#### [WORK REQUIRED]
Your answer should hold each line of the material that contains the word "vibrant".

#### [DATA PROVIDED]

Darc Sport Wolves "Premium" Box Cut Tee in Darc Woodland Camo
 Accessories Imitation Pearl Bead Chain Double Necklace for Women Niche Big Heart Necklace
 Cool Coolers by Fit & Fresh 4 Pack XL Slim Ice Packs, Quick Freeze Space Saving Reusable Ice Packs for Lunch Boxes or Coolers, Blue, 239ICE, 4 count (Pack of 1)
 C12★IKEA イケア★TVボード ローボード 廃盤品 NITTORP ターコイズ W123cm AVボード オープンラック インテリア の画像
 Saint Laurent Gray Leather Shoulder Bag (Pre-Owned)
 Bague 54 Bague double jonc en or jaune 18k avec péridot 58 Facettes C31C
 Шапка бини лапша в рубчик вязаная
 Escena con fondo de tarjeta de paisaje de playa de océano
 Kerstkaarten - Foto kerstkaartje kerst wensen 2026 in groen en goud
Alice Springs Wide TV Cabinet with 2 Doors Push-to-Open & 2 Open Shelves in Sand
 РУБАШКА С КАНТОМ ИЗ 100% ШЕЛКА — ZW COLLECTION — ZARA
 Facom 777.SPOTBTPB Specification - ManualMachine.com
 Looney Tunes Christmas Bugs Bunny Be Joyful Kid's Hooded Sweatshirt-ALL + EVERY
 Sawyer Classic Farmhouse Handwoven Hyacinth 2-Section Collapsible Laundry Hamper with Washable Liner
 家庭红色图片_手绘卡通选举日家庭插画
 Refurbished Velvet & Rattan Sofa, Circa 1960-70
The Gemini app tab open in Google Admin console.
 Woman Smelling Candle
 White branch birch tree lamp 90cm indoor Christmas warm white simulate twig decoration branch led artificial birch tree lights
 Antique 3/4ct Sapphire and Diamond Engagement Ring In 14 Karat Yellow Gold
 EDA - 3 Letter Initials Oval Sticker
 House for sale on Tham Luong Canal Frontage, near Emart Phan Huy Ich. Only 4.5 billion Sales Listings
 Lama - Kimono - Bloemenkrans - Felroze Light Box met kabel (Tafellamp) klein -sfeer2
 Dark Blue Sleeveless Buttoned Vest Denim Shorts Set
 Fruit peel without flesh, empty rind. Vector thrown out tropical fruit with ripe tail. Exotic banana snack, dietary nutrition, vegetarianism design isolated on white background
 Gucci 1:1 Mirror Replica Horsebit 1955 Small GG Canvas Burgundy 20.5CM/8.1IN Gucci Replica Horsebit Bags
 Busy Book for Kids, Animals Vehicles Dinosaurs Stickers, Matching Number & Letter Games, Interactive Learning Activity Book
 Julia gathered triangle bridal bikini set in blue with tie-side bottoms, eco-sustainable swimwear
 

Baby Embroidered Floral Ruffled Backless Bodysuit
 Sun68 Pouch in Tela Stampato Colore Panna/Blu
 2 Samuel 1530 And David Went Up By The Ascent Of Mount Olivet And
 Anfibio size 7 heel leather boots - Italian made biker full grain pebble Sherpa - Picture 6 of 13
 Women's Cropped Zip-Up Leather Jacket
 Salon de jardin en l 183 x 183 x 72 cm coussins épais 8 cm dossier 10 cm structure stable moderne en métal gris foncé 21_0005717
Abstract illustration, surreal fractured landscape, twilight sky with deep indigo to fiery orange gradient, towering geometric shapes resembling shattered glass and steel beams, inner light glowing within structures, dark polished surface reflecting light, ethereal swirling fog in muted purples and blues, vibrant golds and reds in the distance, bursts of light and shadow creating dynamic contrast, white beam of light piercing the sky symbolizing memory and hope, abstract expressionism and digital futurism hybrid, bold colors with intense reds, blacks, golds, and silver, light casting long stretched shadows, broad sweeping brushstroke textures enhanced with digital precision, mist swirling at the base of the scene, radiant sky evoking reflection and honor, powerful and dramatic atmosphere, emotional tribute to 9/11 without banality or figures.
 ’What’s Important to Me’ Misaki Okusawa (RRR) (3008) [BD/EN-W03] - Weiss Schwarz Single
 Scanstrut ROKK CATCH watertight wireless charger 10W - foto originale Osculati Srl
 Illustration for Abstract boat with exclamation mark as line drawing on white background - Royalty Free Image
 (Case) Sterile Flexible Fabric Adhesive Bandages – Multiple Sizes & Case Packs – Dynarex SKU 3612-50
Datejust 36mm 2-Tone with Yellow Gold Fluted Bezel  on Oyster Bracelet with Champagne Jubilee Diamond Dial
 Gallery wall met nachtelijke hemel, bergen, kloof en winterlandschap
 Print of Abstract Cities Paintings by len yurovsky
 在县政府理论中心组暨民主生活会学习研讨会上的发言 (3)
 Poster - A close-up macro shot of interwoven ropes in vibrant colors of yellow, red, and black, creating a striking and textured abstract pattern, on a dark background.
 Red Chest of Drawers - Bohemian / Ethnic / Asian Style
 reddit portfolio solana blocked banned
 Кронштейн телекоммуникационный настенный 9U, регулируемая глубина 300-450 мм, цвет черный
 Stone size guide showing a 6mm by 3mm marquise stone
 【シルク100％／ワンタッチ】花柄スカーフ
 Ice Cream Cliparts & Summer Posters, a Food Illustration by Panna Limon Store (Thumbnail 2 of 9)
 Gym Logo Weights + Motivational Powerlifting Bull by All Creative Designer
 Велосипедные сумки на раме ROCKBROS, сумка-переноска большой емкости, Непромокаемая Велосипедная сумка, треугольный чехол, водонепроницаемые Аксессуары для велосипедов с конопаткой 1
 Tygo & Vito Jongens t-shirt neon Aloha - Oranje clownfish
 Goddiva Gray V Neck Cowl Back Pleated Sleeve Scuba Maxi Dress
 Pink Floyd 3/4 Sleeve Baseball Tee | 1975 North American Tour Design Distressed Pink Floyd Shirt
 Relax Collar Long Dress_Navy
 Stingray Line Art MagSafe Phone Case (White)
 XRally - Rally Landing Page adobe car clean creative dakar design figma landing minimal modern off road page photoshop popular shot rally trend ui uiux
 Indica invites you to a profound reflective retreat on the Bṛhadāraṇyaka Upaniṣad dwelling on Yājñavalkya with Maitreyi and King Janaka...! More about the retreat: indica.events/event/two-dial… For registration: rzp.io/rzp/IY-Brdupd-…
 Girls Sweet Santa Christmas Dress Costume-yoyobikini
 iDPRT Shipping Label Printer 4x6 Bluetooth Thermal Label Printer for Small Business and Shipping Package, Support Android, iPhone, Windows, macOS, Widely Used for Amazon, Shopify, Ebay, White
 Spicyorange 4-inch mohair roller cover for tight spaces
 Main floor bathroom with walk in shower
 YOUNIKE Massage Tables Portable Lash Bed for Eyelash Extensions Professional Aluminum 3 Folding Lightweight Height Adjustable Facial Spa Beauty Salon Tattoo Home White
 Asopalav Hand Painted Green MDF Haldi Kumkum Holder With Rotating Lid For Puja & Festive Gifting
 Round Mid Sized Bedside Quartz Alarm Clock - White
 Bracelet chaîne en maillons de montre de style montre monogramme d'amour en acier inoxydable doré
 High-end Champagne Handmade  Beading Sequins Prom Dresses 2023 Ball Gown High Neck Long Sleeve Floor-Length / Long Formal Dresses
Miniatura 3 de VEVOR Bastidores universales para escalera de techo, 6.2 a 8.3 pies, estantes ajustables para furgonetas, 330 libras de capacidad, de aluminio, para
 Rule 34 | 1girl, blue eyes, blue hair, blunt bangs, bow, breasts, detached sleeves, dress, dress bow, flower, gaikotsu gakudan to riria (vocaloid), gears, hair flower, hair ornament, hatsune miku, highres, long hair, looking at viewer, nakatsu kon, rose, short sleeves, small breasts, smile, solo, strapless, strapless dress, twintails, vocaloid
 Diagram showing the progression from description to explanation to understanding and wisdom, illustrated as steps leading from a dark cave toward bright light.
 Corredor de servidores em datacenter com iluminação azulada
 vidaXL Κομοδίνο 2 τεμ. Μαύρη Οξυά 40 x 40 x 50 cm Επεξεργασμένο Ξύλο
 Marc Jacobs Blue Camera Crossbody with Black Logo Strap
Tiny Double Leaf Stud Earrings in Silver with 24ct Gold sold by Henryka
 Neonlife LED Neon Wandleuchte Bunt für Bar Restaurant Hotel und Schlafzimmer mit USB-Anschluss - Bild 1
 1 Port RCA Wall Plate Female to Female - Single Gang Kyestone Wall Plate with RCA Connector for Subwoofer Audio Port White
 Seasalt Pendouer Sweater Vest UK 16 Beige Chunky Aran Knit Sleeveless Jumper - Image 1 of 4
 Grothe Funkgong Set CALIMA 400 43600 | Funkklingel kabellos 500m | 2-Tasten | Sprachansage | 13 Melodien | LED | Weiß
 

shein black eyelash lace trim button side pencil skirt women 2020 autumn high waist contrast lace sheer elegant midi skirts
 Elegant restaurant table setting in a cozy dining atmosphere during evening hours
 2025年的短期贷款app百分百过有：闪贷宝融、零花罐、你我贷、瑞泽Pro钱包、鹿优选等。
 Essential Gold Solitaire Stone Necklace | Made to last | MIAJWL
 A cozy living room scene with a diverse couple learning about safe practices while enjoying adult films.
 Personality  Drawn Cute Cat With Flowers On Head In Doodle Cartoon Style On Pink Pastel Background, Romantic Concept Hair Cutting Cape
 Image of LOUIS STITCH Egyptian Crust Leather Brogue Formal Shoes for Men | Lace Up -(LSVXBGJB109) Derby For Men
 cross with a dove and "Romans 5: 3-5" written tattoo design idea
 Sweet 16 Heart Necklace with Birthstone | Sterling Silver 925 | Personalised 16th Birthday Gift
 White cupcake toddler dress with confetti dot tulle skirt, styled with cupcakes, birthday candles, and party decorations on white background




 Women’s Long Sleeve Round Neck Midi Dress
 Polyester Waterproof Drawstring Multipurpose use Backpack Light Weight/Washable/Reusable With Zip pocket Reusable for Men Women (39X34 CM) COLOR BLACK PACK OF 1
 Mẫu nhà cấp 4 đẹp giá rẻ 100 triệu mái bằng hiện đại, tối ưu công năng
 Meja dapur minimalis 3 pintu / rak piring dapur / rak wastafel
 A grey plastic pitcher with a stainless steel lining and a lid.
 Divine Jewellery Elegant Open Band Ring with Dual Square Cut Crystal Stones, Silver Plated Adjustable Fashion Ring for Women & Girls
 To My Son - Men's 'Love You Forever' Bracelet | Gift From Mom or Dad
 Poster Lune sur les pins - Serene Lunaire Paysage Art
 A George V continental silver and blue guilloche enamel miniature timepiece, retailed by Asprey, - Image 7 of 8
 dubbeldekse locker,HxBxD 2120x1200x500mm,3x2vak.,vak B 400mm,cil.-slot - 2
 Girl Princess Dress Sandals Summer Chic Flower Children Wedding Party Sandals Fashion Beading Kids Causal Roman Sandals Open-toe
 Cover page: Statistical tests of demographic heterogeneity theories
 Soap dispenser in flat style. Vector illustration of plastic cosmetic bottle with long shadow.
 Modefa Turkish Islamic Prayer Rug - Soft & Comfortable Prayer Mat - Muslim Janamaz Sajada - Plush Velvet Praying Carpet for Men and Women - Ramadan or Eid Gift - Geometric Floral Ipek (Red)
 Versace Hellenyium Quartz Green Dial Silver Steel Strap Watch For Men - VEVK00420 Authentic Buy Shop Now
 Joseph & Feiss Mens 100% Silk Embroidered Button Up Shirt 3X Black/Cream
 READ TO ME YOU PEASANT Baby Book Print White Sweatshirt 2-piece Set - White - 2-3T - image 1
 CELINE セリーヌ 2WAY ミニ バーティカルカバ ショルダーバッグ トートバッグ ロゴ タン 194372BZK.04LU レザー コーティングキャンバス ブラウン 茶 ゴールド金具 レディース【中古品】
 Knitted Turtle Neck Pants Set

#### [ANSWER TO THIS EXERCISE]
Abstract illustration, surreal fractured landscape, twilight sky with deep indigo to fiery orange gradient, towering geometric shapes resembling shattered glass and steel beams, inner light glowing within structures, dark polished surface reflecting light, ethereal swirling fog in muted purples and blues, vibrant golds and reds in the distance, bursts of light and shadow creating dynamic contrast, white beam of light piercing the sky symbolizing memory and hope, abstract expressionism and digital futurism hybrid, bold colors with intense reds, blacks, golds, and silver, light casting long stretched shadows, broad sweeping brushstroke textures enhanced with digital precision, mist swirling at the base of the scene, radiant sky evoking reflection and honor, powerful and dramatic atmosphere, emotional tribute to 9/11 without banality or figures.
 Poster - A close-up macro shot of interwoven ropes in vibrant colors of yellow, red, and black, creating a striking and textured abstract pattern, on a dark background.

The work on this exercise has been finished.